6

Consider a random $n$ by $n$ matrix $A$ whose entries are chosen from $\{0,1\}$ and a random $n$ dimensional vector $x$ whose entries are also chosen from $\{0,1\}$. Assume $n$ is large.

What is the (base 2) Shannon entropy of $Ax$? That is, can we give a large $n$ approximation for $H(Ax)$?

It feels like $H(Ax)$ should be at least $n$ as that is the entropy of $x$ and $A$ is very likely to be non-singular. We also know $H(Ax) \leq n \log_2{n}$ as we can encode $Ax$ in $n \log_2{n}$ bits (the entries of $Ax$ are no larger than $n$).

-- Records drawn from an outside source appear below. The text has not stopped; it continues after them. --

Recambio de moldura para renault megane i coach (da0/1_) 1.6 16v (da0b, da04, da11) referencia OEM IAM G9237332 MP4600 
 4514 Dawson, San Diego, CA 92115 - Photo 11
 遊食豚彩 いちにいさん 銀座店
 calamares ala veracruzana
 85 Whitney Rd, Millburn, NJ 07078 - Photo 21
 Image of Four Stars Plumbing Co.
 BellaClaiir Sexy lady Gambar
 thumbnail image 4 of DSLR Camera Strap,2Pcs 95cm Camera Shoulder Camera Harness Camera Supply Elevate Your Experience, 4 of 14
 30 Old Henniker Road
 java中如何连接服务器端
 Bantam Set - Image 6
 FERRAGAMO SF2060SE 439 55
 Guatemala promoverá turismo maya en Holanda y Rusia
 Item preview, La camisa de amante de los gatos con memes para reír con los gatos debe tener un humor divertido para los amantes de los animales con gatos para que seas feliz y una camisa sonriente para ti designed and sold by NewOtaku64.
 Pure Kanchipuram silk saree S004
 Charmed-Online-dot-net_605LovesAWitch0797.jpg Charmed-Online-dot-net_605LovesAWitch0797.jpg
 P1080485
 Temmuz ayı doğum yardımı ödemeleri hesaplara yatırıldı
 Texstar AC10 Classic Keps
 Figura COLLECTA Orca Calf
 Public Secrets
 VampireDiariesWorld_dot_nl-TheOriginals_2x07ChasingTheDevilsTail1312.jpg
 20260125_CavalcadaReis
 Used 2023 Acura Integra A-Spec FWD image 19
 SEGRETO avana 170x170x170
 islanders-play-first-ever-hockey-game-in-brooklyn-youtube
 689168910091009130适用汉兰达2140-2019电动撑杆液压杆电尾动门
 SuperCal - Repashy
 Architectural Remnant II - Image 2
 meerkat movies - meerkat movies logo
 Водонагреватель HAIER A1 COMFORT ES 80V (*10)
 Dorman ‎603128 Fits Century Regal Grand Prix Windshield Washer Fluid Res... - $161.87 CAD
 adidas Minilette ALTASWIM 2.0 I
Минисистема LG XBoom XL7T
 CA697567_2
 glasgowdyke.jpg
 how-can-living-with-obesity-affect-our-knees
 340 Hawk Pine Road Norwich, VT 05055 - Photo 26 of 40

Is the entropy of the form $n$ or of the form $n\log_2{n}$ or something in between?

1 Answers1

2

Let $A$ has size $m\times n$ (more general), $y=A x$, $y=(y_1, y_2, \cdots y_m)$. Let $s=\sum_{i=1}^n x_i$

Then $$H(y)= H(y \mid s) + H(s) - H(s \mid y) \tag{1}$$ and we can bound:

$$ H(y \mid s) \le H(y) \le H(y \mid s) + H(s) \tag{2} $$ To compute, $H(y \mid s)$, note that while $y=(y_1, y_2, \cdots y_m)$ are not independent, they are independent if conditioned on $s$. Hence

$$H(y \mid s) = m \, H(y_1 \mid s)$$

Further, $y_1 |s \sim B(s,1/2)$ (Binomial), and $s$ is also Binomial $B(n,1/2)$ Hence

$$H(y \mid s) = m \sum_{s=0}^n \frac{1}{2^n}{n \choose s} h_B(s) \tag{3}$$

$$H(s) = h_B(n) \tag{4}$$

where $$h_B(t)= - \frac{1}{2^t} \sum_{k=0}^t {t\choose k} \log\left(\frac{1}{2^t}{t \choose k}\right) = t - \frac{1}{2^t} \sum_{k=0}^t {t \choose k} \log\left({t \choose k}\right) \tag{5}$$ is the entropy of a Binomial of size $t$ and $p=1/2$.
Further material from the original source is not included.